Key Points
Human Geography Nature and Scope
Geography as an Integrative Discipline
Geography is an integrative, empirical, and practical field of study. Its core concern is to understand the earth as the home of human beings and the relationship between the physical environment and human worlds.
Dualism in Geography
Geography as a discipline was subjected to dualism, leading to debates on whether it should be law-making (nomothetic) or descriptive (idiographic), and whether its approach should be regional or systematic. The text argues that the nature-human dichotomy is invalid as they are inseparable.
Ratzel's Definition of Human Geography
Friedrich Ratzel defined human geography as the 'synthetic study of relationship between human societies and earth's surface'. This definition places emphasis on synthesis.
Ellen C. Semple's Definition
Ellen C. Semple defined human geography as 'the study of the changing relationship between the unresting man and the unstable earth'. The key concept in her definition is dynamism in the human-environment relationship.
Paul Vidal de la Blache's Conception
Paul Vidal de la Blache stated that human geography offers a 'conception resulting from a more synthetic knowledge of the physical laws governing our earth and of the relations between the living beings which inhabit it'. He is associated with the idea of possibilism.
Environmental Determinism
Environmental determinism is the concept where primitive human society was greatly influenced by the forces of nature due to a very low level of technology. This is also called the 'Naturalisation of Humans'.
Possibilism
Possibilism is the concept that with social and cultural development, humans develop better technology and move from a state of necessity to a state of freedom. Nature provides opportunities (possibilities) and humans make use of them.
Humanisation of Nature
Humanisation of Nature is the process where humans, through their activities and technology, modify the environment and create a cultural landscape. The imprints of human endeavour start to appear on nature.
Neo-determinism by Griffith Taylor
Geographer Griffith Taylor introduced Neo-determinism, or 'stop and go determinism'. It is a middle path which means possibilities can be created within limits that do not damage the environment, suggesting humans can conquer nature by obeying it.
The Quantitative Revolution
In the late 1950s to late 1960s, the approach of spatial organisation, known as the Quantitative Revolution, was marked by the use of computers and statistical tools to analyze human phenomena.
Schools of Thought in the 1970s
Discontent with the quantitative revolution led to the emergence of three new schools of thought in the 1970s: the humanistic, radical, and behavioural schools, which made human geography more relevant to socio-political reality.
Humanistic and Radical Schools
The humanistic school focused on social well-being aspects like housing, health, and education. The radical school employed Marxian theory to explain the causes of poverty, deprivation, and social inequality.

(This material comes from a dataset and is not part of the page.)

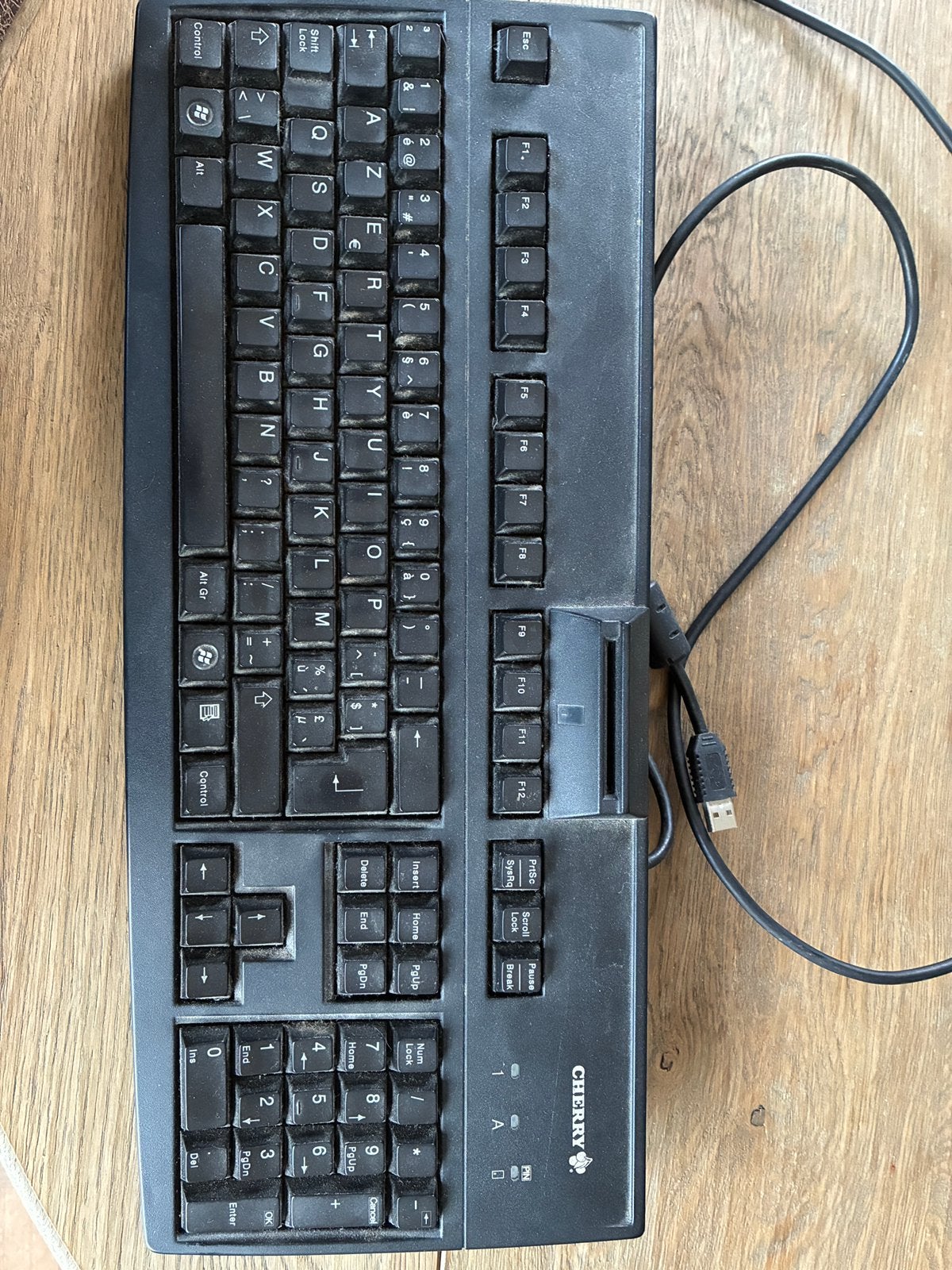 Toetsenbord, Computers en Software, Ophalen, Azerty, Gebruikt, Bedraad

Behavioural School of Thought
The behavioural school of thought laid great emphasis on lived experience and the perception of space by different social categories based on ethnicity, race, and religion.
Inter-disciplinary Nature
Human geography has a highly inter-disciplinary nature. It develops close interfaces with sister disciplines in social sciences like sociology, political science, economics, and history to understand human elements on earth's surface.
Fields and Sub-fields
Human geography has several major fields, such as Social, Urban, Political, Population, Settlement, and Economic Geography. Each of these fields has multiple sub-fields.